Foram seis décadas de derrubada ininterrupta. Em torno de sua primeira cabana, um casebre de palha coberto por folhas de cana onde ele preparou suas primeiras coleções de exsicatas, já era assim. “Cada colono”, ele conta, “desejava tomar posse de tanta terra quanto pudesse para sua forma tosca de agricultura e, para conseguir o título legal de propriedade, a lei o obrigava a desmatar e semear pelo menos a metade da área. Portanto, a cada verão ele retomava com zelo seu ataque à floresta, que cada mais se reduzia”.

No verão – ou seja, nos meses de estiagem – “dia após dia, em breves intervalos durante toda a manhã, eu ouvia o gemido de uma grande árvore moribunda, quando começava a estalar o cerne da madeira, cada vez mais estreito, entre os cortes do machado em lados opostos”.

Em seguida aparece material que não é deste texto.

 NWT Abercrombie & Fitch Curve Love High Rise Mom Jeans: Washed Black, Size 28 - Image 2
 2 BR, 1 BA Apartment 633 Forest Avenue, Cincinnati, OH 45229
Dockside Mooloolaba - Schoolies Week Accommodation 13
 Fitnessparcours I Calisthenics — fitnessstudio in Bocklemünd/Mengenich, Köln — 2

Ao rumor, seguia-se “o sussurro agitado de uma miríade de folhas que despencavam pelo ar e de um golpe como um trovão, que sacudia a terra e ressoava longe no vale, quando a árvore enorme se chocava violentamente com o lugar onde descansaria para frente”. Os lenhadores gostavam dessa faina, “apesar de sua dureza e do perigo sempre presente de serem feridos ou mesmo aplastados sob um galho seco”. Ver árvores gigantescas caírem “lhes dava um deleite pueril”. Depois, em fevereiro e março, com a madeira seca, começavam as queimadas. “Num só dia pude contar dez grandes colunas de fumaça que subiam por todos os lados”, como nuvens “gordas e brancas”. O céu perdia “sua claridade fina”. A luz do sol, “filtrada pelo fumo, ficava cor de âmbar”. E “a atmosfera parecia adoecer”, com “os vapores acres da madeira ardendo, que irritavam o nariz”.

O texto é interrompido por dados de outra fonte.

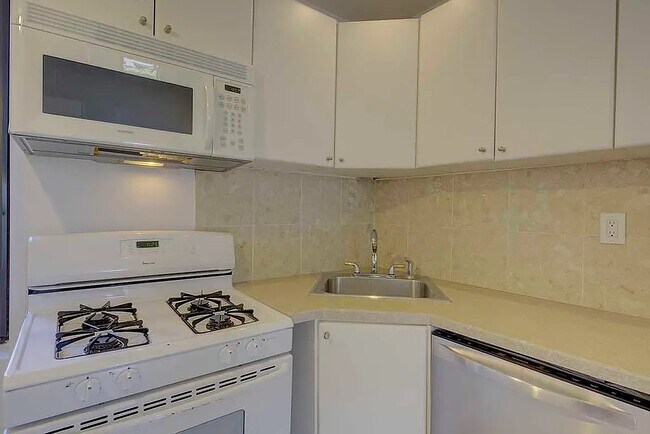Foto del edificio - 141 W 10th St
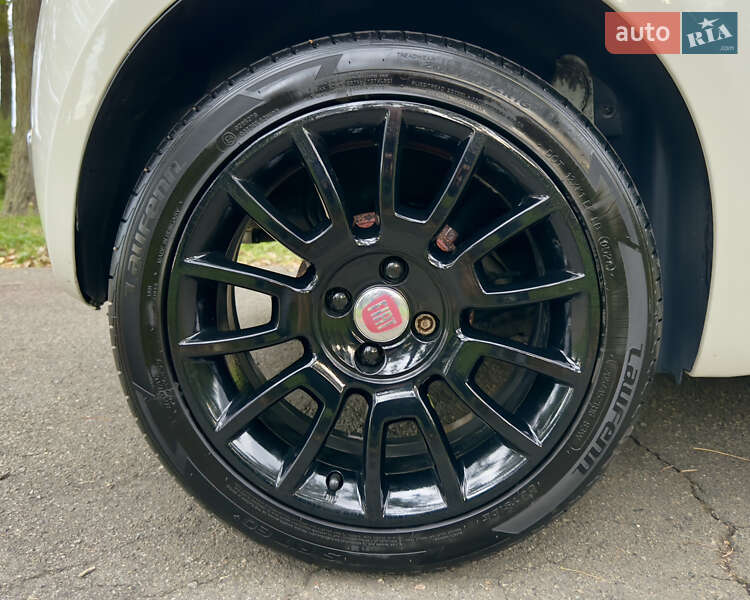 Хэтчбек Fiat 500 2012 в Киеве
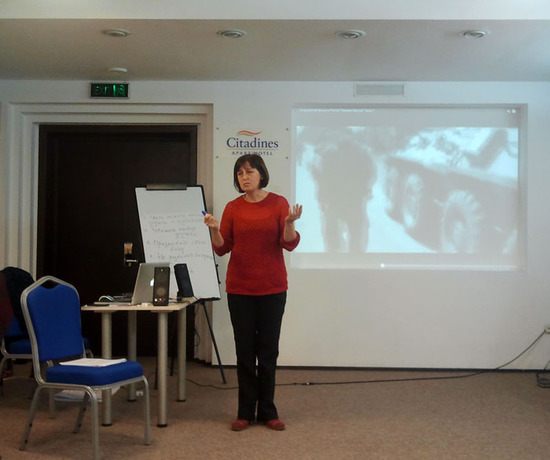 Маргарита Ахвледиани провидт свою секцию по журналистской этике. Маргарита Ахвледиани провидт свою секцию по журналистской этике.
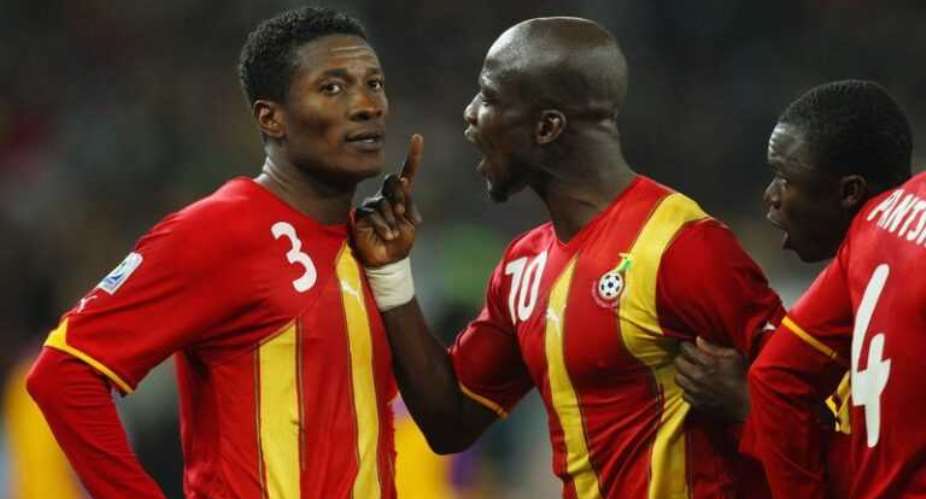 Asamoah Gyan debunks claims of penalty duty fracas with Stephen Appiah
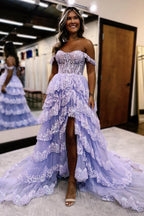 Vestido de fiesta largo de corte A, con hombros descubiertos, corsé escalonado y abertura.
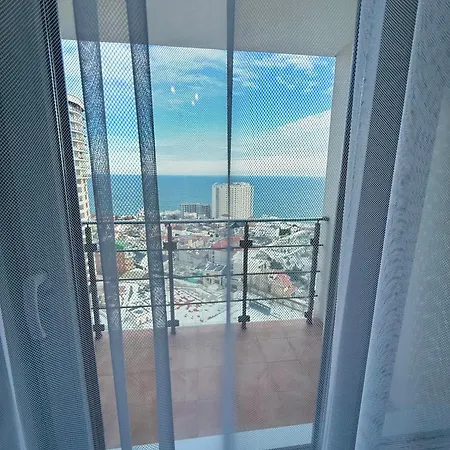 45 Pearl One-bedroom With Sea View And Terrace * Odessa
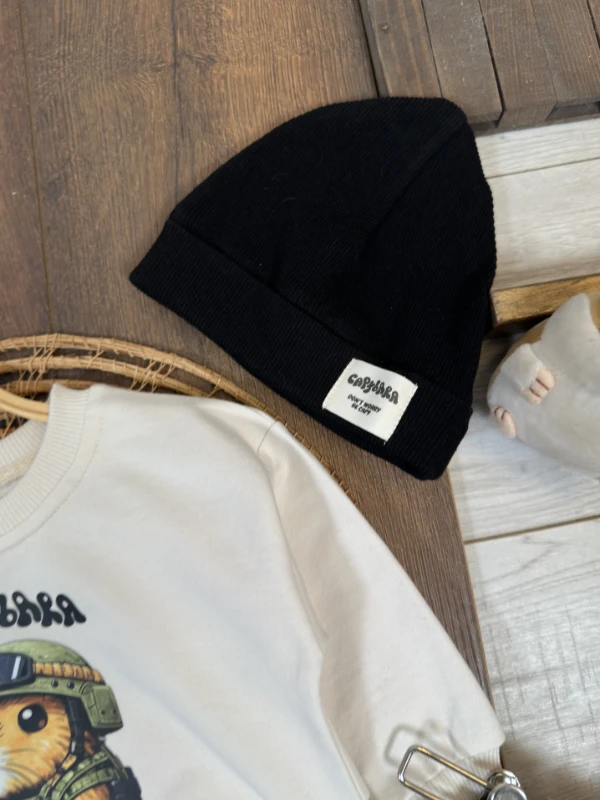 Çizgili Pantolon Capybara Baskılı Sweatshirt Çoraplı Bereli Mevsimlik 4lü Erkek Bebek/Çocuk Takım - SİYAH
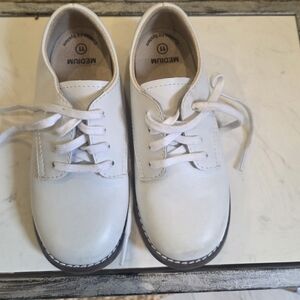Footmate Cheer White Shoes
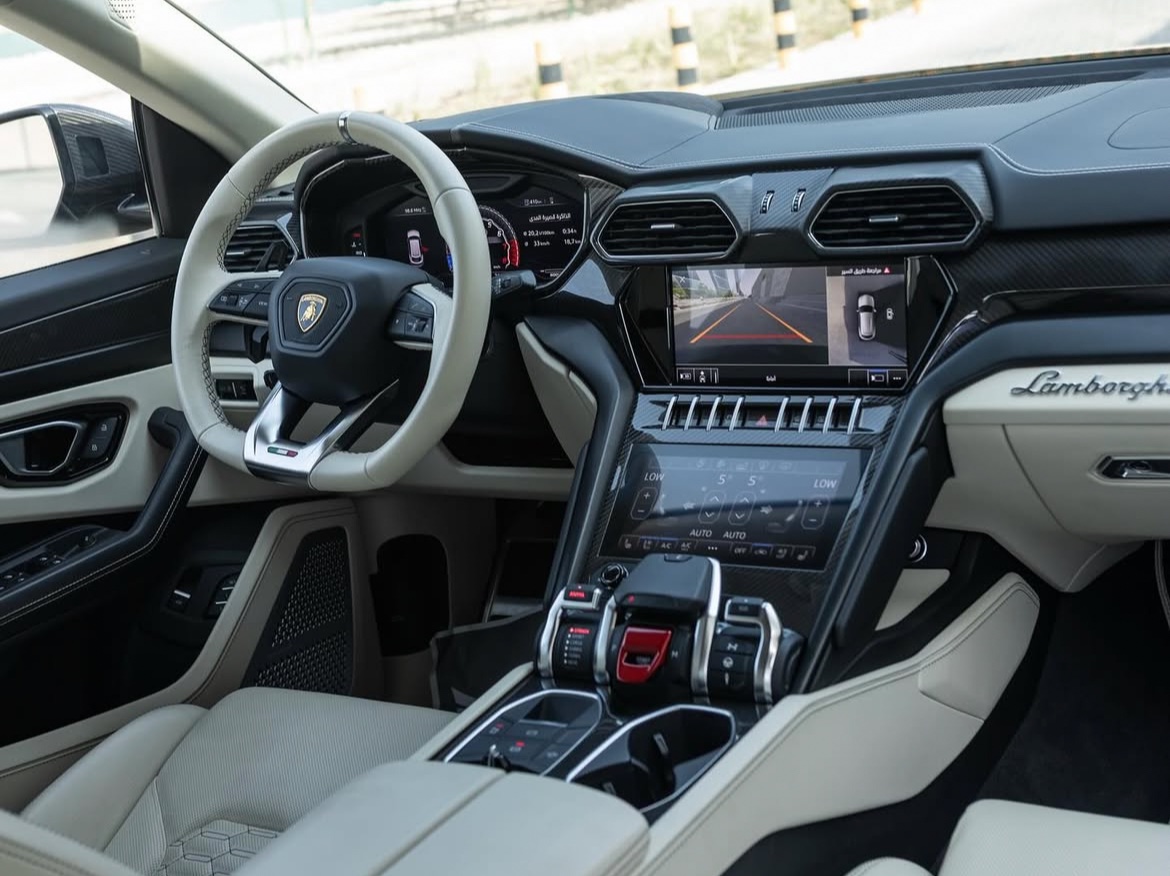 Lamborghini Urus - Image 4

Não é preciso ir mais longe. Os parágrafos que tratam do problema atravessam quase todos os capítulos. E brasileiro não precisa disso. Sabe, por experiência própria, o que Skutch queria dizer sobre a mania nacional de botar fogo no mato. Vegetariano, frugal a ponto de sair para viagens solitárias com um punhado de bolachas na sacola, pacifista para ser um naturalista capaz de estudar, apartidariamente, os ataques de predadores aos filhotes que observava, ele acabou dono de um retalho de selva cercado “pelo berreiro dos aparelhos de som”, no meio de um centro comercial, à margem da estrada que liga o México ao Panamá. Tudo isso sem sair de onde estava desde a década de 1940.

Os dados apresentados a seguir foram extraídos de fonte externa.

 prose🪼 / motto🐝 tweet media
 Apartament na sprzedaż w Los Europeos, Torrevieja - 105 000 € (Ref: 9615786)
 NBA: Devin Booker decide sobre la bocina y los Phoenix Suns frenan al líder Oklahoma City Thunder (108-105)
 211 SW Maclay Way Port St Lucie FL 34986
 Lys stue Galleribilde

Se “o vale tivesse continuado como era”, Skutch lamenta, “seria um exemplo brilhante de como o homem pode viver num ambiente íntegro”. Como isso não ocorreu, o sítio virou reserva, incorporado ao Centro Científico Tropical ainda com Skutch morando lá dentro. Mas, para ele, o lugar a essa altura não passava de “um modo imperfeito e precário” de lembrar “a glória original do planeta”. Se isso era o que ele tinha a dizer sobre o que aconteceu na Costa Rica, imagine-se o que não diria se tivesse fincado suas estacas numa floresta brasileira.